Let's dive into these game-changing features!
🔍 What it really is: Stemming in SQL Server
Stemming is an advanced Information Retrieval technique that reduces words down to their linguistic root form (the "stem"). This allows different grammatical variations of a word to be treated as entirely equivalent by the search engine. For example, terms like “run”, “running”, and “ran” are considered related.
In SQL Server, this powerful functionality lives inside the Full-Text Search engine (introduced way back in SQL Server 7.0 and heavily optimized since).
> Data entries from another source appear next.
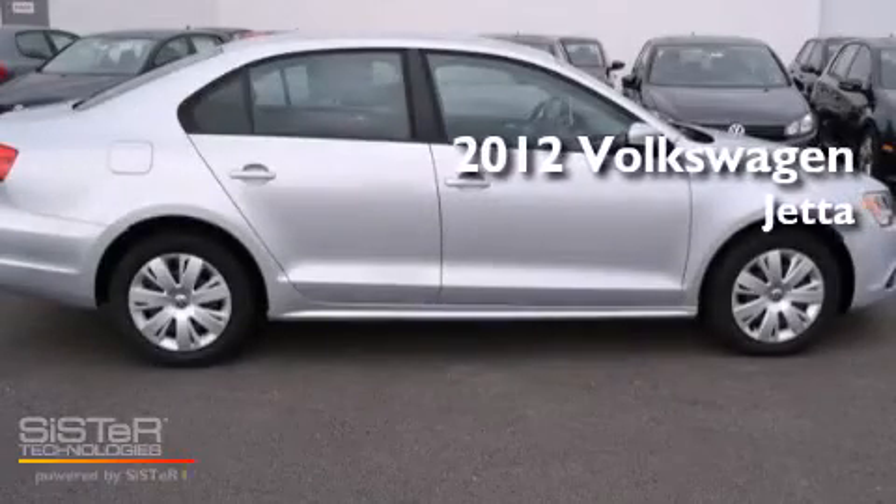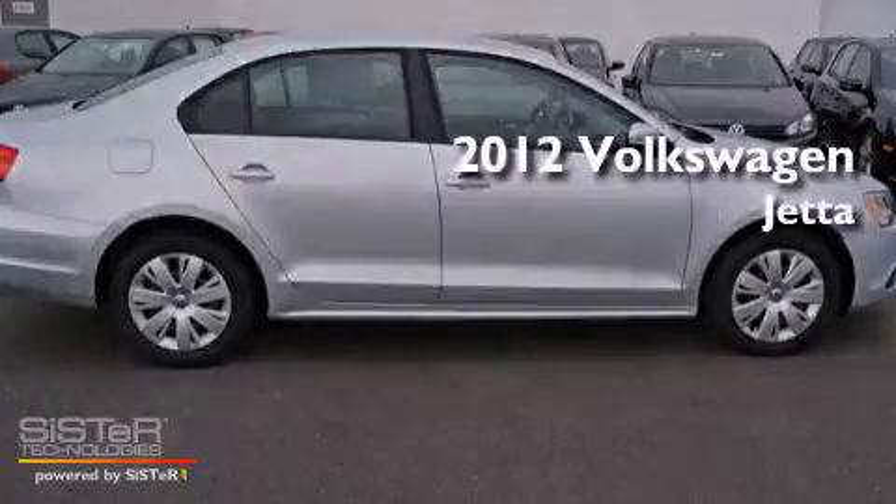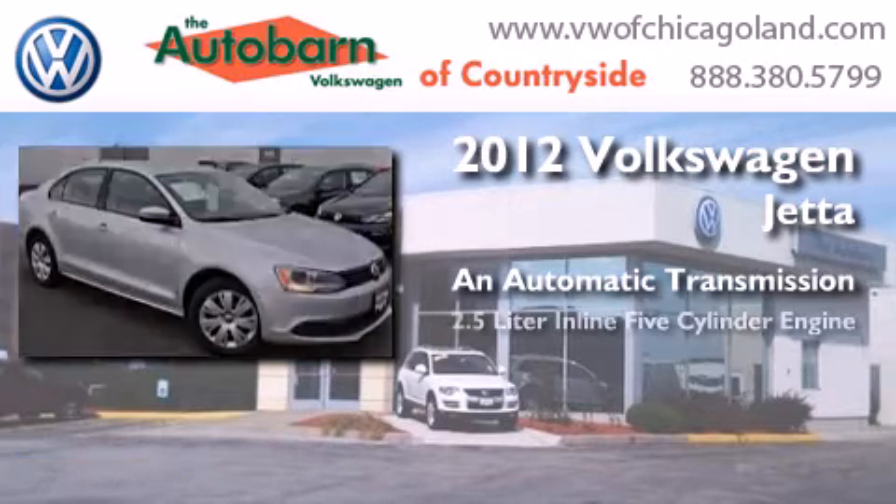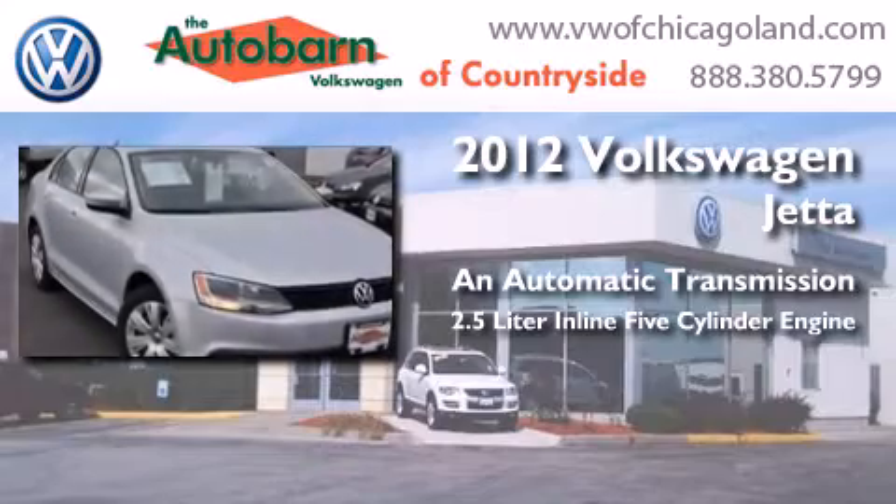This is a 2012 Volkswagen Jetta. This four-door sedan has an automatic transmission and a 2.5 liter inline five-cylinder engine.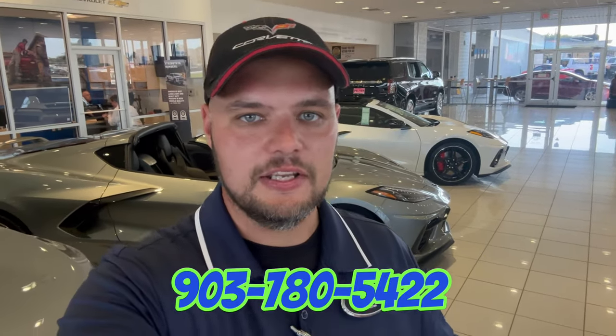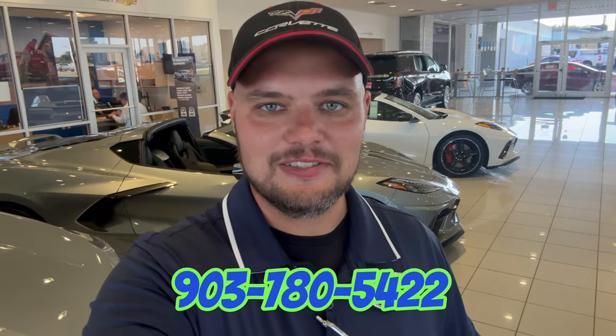Thank you guys for joining in with me today. You can call me or text me at my personal cell phone number: 903-780-5422. If you're looking for any of these vehicles, give me a holler — I'd be happy to help you, and I can ship anywhere in the country. Thanks and I'll talk to y'all later.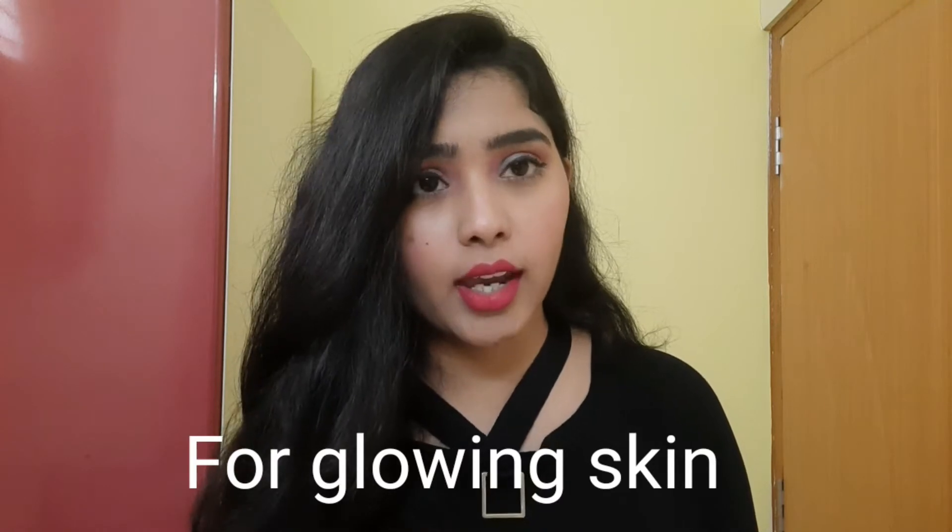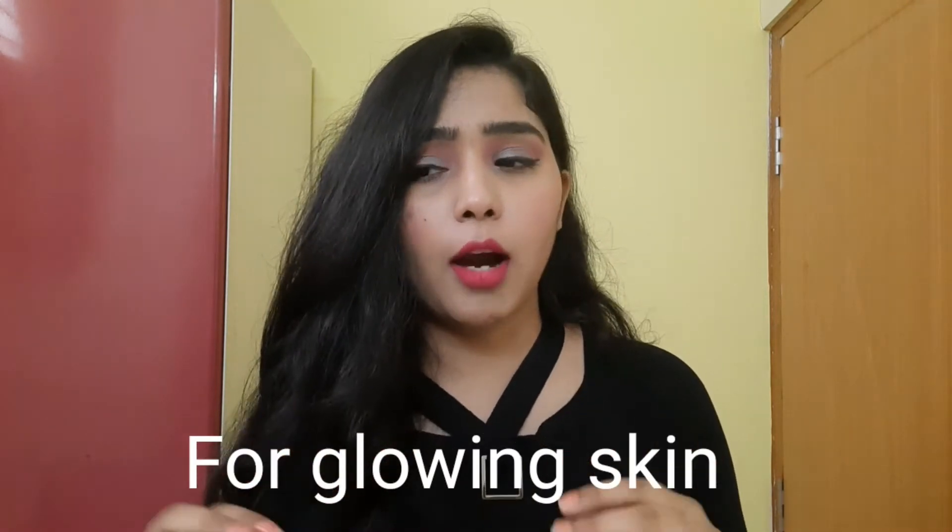First of all, if your face is dull and not glowing, and you have tried many masks, DIYs, and heavy creams but didn't get results — just use an ice cube. Use plain water as an ice cube, fold it in a cloth or hanky, and gently massage in a slow circular motion daily.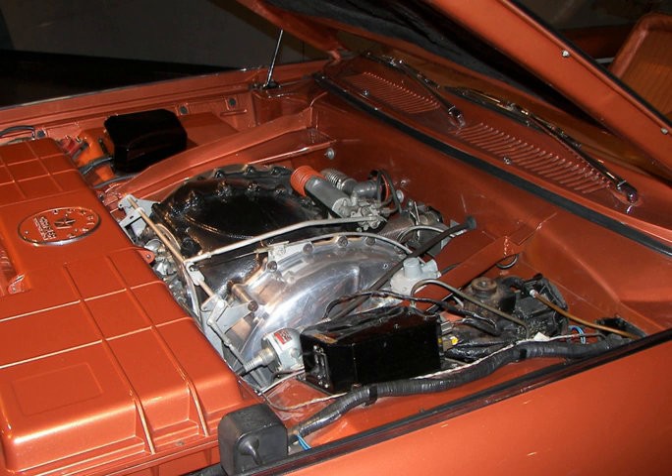Chrysler's turbine engine program did not end with the Chrysler turbine car. A new coupe body, which was to become the 1966 Dodge Charger, was considered for a new fifth-generation turbine engine. However, Chrysler went on to develop a sixth-generation gas turbine engine which finally met U.S. nitrogen oxide regulations, and installed it in a 1966 Dodge Coronet, though it was never introduced to the public.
By wrapping your search terms in the FORMSOF(INFLECTIONAL, ...) predicate, the engine automatically expands the term into all its known variations based on the language's dictionary.
🎯 Why you need it
If you aren't using stemming, you are probably working too hard.
Stemming helps to:
- Improve search result quality: Users get what they mean, not just what they type.
- Avoid writing complex queries: Say goodbye to building dynamic SQL with multiple word variations.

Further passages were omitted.